With what appears to be a strong recruiting class coming in next fall, the thought was to hold back the veterans with an eye toward making a run at the WAC title in 2010 – a tactic the Vandals have employed to some success before. So all the seniors are sitting out – except Bergland.

“I’m ready to be done with school,” she said. “It’s time to move on with my life and start a new chapter.”

Bergland came to Idaho from Edmonton, Alberta, four years ago in something of a package deal with another hurdler, Christie Gordon. They had known each other since the 10th grade, attending the same high school and running for the same club program. Since then, they have trained together and run against each other “in hundreds of races – pretty much every weekend,” Bergland said. At Idaho alone, they have faced each other in more than 60 races – Bergland usually getting the best of it indoors in the shorter sprint hurdles, Gordon dominating outdoors.

“Competing against your best friend is always going to be difficult,” she said, “but nothing is going to get in the way of us being friends.”

Even if Gordon is sticking around one more year.

“It sucks in a way,” Bergland said. “I knew that by not redshirting I’d miss the opportunity to win a championship. But it was my choice.”

Exit Eggart

It only took 30 years, but Jeanne Eggart – you may know her as Jeanne Helfer for some success she had as a basketball coach – is out of the track and field record book at Washington State.

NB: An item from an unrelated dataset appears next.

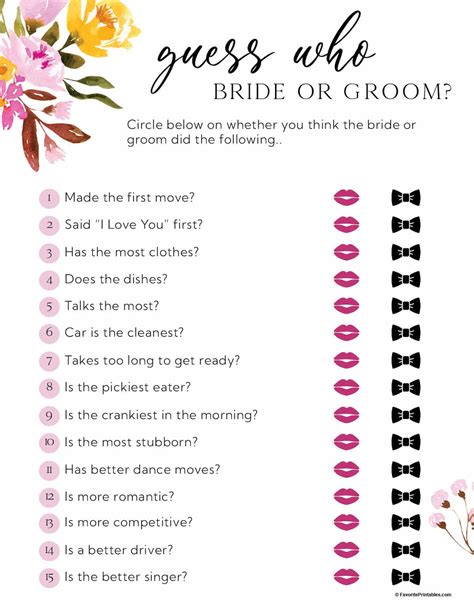 17 Printable Wedding Games That Are For Real Fun .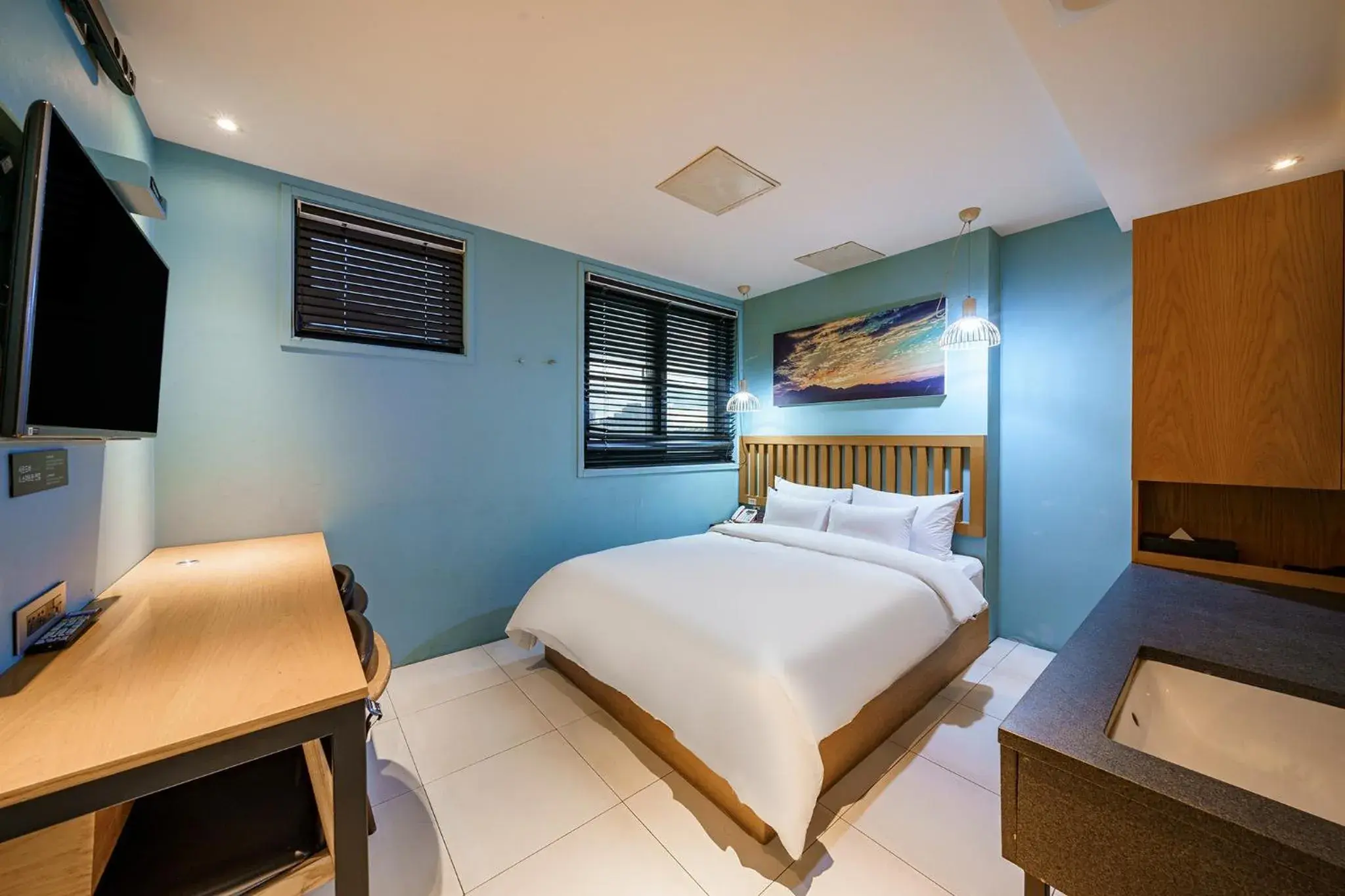 Bed in H-AVENUE Hotel Yeoksam Bed in H-AVENUE Hotel Yeoksam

Cougars sophomore Marissa Tschida took care of that last weekend at the WSU-Washington dual meet, launching the javelin 181 feet, 8 inches – the No. 3 collegiate mark of the year.

That bettered the 178-3 Eggart threw in 1979 with the old women’s javelin, which looked like it might hold up forever when the implement was altered in 1999 to curtail its flight. But Tschida, a sophomore from Missoula, has increased her lifetime best by 20 feet over the past two weeks.

Tschida won’t get Eggart’s other record – she’s still WSU’s all-time scoring leader in women’s basketball, by a mere 441 points.

Bell lap

When Marzell Jenkins of the Community Colleges of Spokane nipped Eastern Washington’s Brad Wall in the 400 meters at Friday’s Pelluer Invitational (48.22 seconds to 48.26), it reversed the finish of last year’s State 4A high school final. … Though they lost the women’s meet for the first time in 12 years, it’s hard to fault the way Washington State competed against the Huskies. Coach Rick Sloan took 64 athletes to Seattle; 28 produced lifetime bests, and 18 more season bests. Senior Lorraine King skipped the intermediate hurdles and instead ran her first sub-55 second 400 (54.27) and slashed more than 2 seconds off her 200 best (23.82). … Whitworth’s Emmanuel Bofa took his school record in the 800 down to 1:49.93 in the Pelluer, the year’s No. 3 NCAA Division III time for the defending national champ. … They grow them here and send them elsewhere to run the steeplechase: BYU’s Rich Nelson (Shadle Park), Portland’s Justin Houck (Ferris) and Boise State’s Breanna Sande (Lake City) have qualified for the NCAA West Regional in the 3,000-meter race.